## What is being asked
Give back the data exactly, with no images.

--- Given information ---

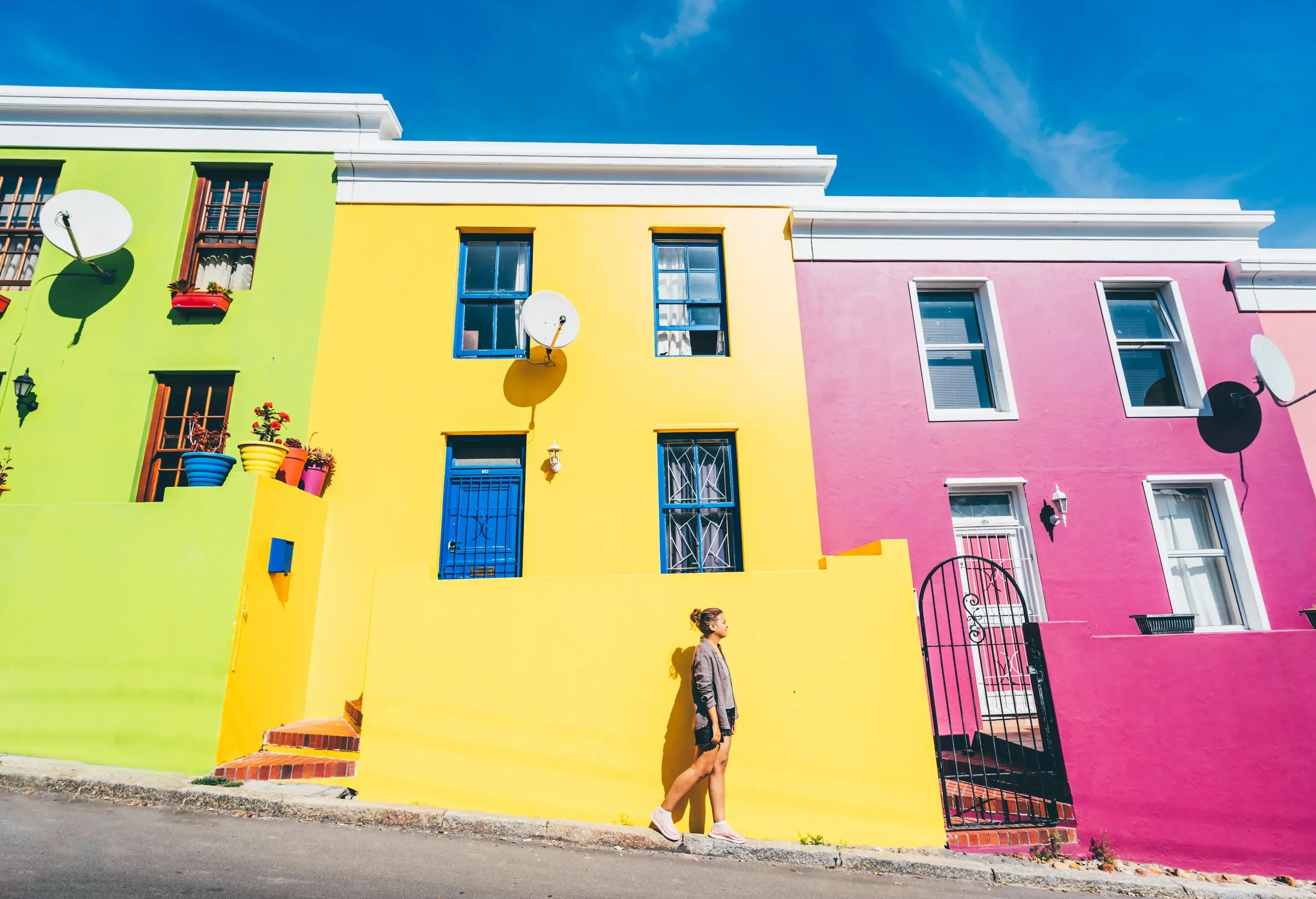 A woman walks in front of colorful houses in Bo-Kaap, Cape Town, South Africa.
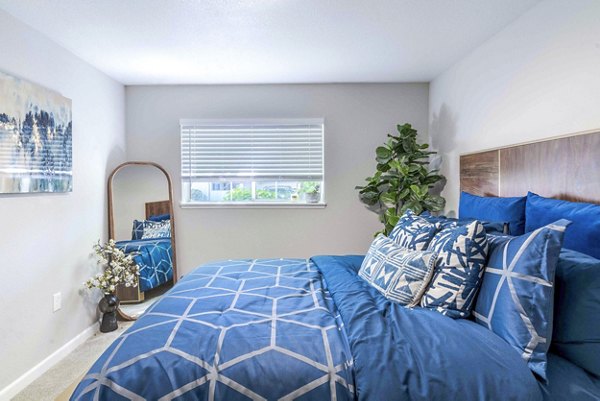 Cozy bedroom with modern decor at Avana One Zero Nine Apartments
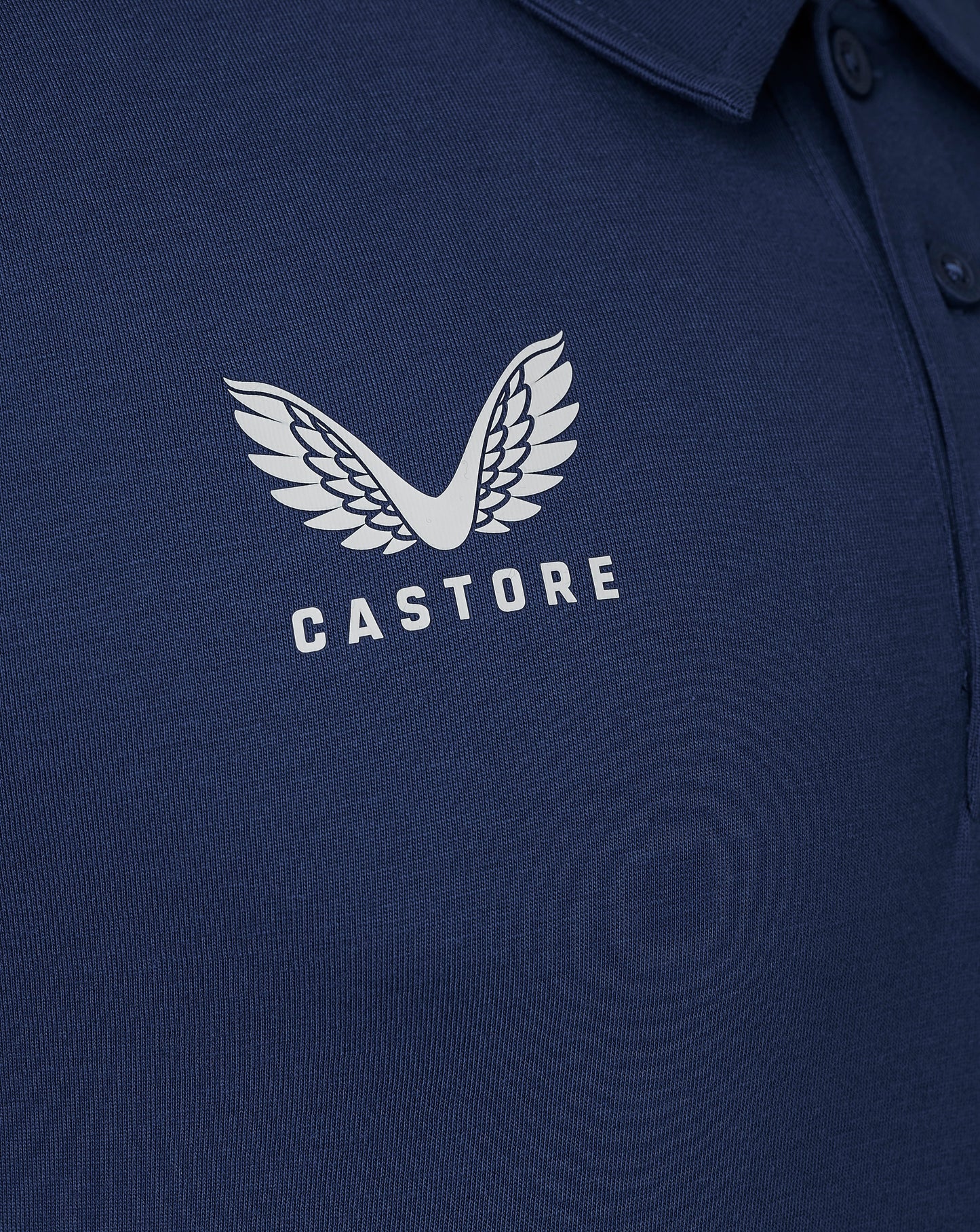 Navy cotton leisure polo shirt close up with a white Castore wing logo on the chest and a visible collar.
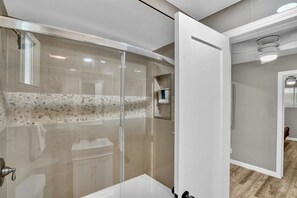A modern bathroom with a glass-enclosed shower, a white sink, and a vanity. - Beach Home-Rooftop Deck-Steps to Sand (Oxnard)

---

## Final answer
 A woman walks in front of colorful houses in Bo-Kaap, Cape Town, South Africa.
 Cozy bedroom with modern decor at Avana One Zero Nine Apartments
 Navy cotton leisure polo shirt close up with a white Castore wing logo on the chest and a visible collar.
A modern bathroom with a glass-enclosed shower, a white sink, and a vanity. - Beach Home-Rooftop Deck-Steps to Sand (Oxnard)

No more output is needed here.